## TASK BRIEF
Needed from the data below: every line from the one with "20L Catsan Hygiene" up to and including the one with "conocimiento a la", repeated exactly and with nothing else.

## Data records
*-*-*
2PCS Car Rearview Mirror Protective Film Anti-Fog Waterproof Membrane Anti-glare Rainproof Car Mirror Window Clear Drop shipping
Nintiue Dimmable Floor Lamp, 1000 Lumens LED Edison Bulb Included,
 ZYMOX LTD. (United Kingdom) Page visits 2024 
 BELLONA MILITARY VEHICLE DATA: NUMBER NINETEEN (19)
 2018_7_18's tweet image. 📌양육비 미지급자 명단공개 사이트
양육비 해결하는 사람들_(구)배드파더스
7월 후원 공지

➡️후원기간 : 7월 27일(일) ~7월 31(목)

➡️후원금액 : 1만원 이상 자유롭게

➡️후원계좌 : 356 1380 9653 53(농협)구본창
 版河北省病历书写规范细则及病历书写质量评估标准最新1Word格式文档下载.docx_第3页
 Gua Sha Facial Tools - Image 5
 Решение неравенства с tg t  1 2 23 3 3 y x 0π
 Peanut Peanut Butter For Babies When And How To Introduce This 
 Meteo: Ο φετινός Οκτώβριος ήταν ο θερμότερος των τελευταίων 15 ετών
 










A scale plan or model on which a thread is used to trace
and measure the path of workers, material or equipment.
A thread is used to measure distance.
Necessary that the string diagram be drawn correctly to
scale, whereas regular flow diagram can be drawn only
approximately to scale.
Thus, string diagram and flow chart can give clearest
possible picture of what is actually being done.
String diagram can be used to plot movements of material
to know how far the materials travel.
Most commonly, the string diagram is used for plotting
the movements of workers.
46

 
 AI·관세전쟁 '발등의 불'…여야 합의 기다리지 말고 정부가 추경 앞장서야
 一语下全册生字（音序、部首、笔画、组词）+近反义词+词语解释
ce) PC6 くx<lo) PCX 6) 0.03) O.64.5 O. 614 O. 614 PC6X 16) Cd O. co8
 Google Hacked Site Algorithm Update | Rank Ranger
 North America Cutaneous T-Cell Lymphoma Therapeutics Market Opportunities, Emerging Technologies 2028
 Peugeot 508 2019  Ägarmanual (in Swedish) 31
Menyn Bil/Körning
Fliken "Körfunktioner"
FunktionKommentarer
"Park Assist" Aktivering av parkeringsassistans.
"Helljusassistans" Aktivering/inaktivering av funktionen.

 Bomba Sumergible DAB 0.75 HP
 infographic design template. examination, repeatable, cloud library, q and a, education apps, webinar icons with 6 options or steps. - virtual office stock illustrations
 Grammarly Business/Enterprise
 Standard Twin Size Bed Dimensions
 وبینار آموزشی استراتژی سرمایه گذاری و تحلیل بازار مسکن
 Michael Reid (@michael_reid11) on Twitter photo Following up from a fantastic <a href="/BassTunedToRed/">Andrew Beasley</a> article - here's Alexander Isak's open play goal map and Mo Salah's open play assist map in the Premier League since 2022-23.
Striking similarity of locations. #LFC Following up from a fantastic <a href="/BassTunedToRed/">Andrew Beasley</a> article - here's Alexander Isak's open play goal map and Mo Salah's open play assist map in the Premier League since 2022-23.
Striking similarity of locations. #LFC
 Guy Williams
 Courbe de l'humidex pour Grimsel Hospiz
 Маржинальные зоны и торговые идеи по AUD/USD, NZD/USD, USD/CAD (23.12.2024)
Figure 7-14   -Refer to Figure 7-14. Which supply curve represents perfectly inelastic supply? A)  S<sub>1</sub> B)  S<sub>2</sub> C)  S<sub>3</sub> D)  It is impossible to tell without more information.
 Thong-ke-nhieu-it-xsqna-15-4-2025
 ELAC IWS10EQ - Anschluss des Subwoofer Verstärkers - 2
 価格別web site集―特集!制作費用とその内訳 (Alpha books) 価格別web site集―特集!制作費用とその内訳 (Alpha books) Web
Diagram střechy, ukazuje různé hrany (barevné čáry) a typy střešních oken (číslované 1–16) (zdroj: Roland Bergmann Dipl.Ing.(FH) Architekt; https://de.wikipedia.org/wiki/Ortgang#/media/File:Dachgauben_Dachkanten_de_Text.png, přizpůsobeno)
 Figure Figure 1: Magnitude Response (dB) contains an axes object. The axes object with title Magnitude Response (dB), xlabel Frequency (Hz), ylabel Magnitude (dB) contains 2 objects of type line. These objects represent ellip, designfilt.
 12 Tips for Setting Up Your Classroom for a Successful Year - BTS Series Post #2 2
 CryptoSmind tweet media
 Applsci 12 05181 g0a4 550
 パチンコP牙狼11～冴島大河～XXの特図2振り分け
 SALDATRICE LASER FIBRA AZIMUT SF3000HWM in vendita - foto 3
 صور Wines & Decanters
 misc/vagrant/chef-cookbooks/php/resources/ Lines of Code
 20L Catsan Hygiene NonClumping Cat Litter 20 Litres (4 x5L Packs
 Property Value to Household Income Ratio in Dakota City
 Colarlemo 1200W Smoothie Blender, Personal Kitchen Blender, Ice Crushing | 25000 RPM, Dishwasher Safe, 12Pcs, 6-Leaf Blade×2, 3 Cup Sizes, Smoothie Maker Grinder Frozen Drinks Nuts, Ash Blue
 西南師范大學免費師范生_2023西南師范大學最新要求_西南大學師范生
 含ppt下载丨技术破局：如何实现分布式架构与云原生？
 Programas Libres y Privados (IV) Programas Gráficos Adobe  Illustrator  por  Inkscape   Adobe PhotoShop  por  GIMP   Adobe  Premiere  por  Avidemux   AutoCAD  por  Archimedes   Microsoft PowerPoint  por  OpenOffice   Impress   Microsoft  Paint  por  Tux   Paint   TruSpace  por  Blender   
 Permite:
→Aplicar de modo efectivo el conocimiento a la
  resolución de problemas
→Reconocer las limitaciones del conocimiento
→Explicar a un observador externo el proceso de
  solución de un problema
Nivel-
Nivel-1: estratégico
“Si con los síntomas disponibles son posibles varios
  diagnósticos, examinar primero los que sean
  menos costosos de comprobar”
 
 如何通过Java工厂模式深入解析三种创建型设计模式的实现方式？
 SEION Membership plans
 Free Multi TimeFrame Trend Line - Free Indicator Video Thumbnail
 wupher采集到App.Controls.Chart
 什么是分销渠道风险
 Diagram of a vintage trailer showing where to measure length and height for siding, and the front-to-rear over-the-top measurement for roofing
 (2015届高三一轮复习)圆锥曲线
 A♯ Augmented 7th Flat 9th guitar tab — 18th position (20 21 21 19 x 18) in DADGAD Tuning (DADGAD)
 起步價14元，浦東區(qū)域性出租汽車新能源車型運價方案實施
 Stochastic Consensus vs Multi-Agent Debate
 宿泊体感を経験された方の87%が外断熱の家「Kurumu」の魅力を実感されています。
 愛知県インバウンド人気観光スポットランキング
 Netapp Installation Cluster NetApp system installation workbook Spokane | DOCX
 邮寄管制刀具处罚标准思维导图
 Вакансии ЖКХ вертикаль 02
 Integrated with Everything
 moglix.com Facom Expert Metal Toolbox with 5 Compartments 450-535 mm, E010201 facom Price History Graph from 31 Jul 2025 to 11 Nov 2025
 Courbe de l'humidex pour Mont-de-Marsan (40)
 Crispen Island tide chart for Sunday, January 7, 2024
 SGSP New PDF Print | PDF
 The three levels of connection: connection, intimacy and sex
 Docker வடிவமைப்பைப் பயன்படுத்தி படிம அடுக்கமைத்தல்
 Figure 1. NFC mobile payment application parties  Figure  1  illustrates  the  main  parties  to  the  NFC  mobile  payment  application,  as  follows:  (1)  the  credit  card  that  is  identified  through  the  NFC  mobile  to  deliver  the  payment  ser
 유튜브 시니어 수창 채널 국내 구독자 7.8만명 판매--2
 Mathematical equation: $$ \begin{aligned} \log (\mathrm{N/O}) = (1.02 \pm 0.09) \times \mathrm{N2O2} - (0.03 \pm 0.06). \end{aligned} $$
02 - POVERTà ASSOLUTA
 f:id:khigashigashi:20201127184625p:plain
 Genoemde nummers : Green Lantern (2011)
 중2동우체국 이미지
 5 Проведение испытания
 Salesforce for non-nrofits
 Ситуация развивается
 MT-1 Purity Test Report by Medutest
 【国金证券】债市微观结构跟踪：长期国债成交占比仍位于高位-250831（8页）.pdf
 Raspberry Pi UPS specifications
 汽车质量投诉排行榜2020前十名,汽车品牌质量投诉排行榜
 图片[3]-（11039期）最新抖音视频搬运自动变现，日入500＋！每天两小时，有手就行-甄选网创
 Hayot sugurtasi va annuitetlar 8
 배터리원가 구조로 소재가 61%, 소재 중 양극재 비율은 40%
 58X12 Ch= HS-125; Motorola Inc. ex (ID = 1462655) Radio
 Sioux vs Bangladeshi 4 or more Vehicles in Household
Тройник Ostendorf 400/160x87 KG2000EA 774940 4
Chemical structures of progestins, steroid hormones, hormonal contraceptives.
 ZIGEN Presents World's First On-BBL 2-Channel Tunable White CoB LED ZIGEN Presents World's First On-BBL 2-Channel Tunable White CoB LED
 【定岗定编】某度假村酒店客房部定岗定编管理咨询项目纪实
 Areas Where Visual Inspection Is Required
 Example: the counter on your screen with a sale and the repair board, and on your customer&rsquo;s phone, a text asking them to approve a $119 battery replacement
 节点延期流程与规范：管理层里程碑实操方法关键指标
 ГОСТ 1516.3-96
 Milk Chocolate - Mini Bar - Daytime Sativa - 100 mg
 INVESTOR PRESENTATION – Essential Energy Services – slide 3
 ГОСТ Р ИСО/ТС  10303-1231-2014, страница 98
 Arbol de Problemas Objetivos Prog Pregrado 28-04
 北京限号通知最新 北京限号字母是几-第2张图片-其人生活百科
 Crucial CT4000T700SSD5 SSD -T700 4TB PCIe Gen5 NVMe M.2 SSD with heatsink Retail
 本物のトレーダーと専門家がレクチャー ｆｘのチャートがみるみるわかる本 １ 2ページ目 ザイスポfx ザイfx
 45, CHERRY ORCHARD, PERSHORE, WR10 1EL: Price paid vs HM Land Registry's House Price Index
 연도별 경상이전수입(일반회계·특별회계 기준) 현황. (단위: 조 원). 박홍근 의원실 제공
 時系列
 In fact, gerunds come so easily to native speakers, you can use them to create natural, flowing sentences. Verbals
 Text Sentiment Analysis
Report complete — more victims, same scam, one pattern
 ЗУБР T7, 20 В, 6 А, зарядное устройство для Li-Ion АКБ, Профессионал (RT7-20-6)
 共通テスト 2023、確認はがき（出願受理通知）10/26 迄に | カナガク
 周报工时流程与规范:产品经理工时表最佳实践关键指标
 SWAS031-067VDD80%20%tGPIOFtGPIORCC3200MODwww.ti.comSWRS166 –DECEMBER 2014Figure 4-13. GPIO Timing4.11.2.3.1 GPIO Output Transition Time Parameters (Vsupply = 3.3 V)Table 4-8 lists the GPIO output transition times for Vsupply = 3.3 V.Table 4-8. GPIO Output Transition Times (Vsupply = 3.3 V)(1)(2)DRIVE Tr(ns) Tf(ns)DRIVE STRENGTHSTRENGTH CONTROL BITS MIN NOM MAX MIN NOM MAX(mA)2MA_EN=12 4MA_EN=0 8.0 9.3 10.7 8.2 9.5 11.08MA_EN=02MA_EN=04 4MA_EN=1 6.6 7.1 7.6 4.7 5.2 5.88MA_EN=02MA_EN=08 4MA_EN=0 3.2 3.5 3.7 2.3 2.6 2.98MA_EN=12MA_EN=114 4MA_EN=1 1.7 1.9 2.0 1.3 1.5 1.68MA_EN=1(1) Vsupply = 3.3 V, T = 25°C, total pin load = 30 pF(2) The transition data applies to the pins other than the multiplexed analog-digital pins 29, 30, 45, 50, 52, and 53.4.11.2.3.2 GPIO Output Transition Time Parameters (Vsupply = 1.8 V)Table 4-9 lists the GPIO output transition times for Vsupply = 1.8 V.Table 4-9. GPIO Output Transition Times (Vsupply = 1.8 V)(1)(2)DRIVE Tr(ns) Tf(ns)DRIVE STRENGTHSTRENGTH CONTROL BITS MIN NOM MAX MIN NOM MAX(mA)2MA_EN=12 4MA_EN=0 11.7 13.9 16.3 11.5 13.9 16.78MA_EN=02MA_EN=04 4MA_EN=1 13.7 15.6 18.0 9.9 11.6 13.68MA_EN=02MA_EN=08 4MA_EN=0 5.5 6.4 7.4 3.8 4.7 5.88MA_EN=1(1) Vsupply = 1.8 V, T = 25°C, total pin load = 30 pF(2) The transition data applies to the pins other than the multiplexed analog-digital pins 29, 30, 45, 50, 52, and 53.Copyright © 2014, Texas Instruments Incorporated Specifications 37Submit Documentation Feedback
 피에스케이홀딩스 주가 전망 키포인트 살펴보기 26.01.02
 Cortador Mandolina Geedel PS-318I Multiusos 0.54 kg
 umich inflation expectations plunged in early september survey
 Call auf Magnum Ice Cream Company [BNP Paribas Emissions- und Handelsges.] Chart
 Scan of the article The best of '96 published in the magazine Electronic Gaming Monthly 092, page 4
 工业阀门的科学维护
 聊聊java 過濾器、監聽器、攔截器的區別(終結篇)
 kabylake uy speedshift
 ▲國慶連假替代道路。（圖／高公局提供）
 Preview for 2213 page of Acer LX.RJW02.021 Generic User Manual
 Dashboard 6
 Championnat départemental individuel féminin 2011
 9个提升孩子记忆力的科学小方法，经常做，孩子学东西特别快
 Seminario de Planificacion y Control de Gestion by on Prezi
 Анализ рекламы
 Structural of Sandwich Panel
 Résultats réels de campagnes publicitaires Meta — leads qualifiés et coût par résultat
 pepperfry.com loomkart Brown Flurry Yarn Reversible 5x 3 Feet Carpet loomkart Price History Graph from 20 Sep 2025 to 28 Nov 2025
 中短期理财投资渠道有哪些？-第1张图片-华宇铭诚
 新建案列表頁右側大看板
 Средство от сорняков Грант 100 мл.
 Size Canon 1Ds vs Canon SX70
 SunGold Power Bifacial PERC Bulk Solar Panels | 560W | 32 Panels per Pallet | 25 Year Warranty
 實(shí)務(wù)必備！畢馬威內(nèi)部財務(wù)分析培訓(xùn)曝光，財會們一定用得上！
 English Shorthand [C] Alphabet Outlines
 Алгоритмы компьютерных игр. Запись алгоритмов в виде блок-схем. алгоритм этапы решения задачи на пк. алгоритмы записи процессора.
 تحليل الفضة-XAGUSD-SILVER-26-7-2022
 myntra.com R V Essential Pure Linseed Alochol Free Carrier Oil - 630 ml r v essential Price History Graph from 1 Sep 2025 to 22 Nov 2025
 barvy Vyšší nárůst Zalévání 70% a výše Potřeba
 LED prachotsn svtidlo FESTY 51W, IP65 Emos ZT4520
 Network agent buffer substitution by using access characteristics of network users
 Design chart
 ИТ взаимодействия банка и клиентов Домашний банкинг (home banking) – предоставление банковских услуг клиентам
*-*-*
## RESULT FOR THIS EXERCISE
 20L Catsan Hygiene NonClumping Cat Litter 20 Litres (4 x5L Packs
 Property Value to Household Income Ratio in Dakota City
 Colarlemo 1200W Smoothie Blender, Personal Kitchen Blender, Ice Crushing | 25000 RPM, Dishwasher Safe, 12Pcs, 6-Leaf Blade×2, 3 Cup Sizes, Smoothie Maker Grinder Frozen Drinks Nuts, Ash Blue
 西南師范大學免費師范生_2023西南師范大學最新要求_西南大學師范生
 含ppt下载丨技术破局：如何实现分布式架构与云原生？
 Programas Libres y Privados (IV) Programas Gráficos Adobe  Illustrator  por  Inkscape   Adobe PhotoShop  por  GIMP   Adobe  Premiere  por  Avidemux   AutoCAD  por  Archimedes   Microsoft PowerPoint  por  OpenOffice   Impress   Microsoft  Paint  por  Tux   Paint   TruSpace  por  Blender   
 Permite:
→Aplicar de modo efectivo el conocimiento a la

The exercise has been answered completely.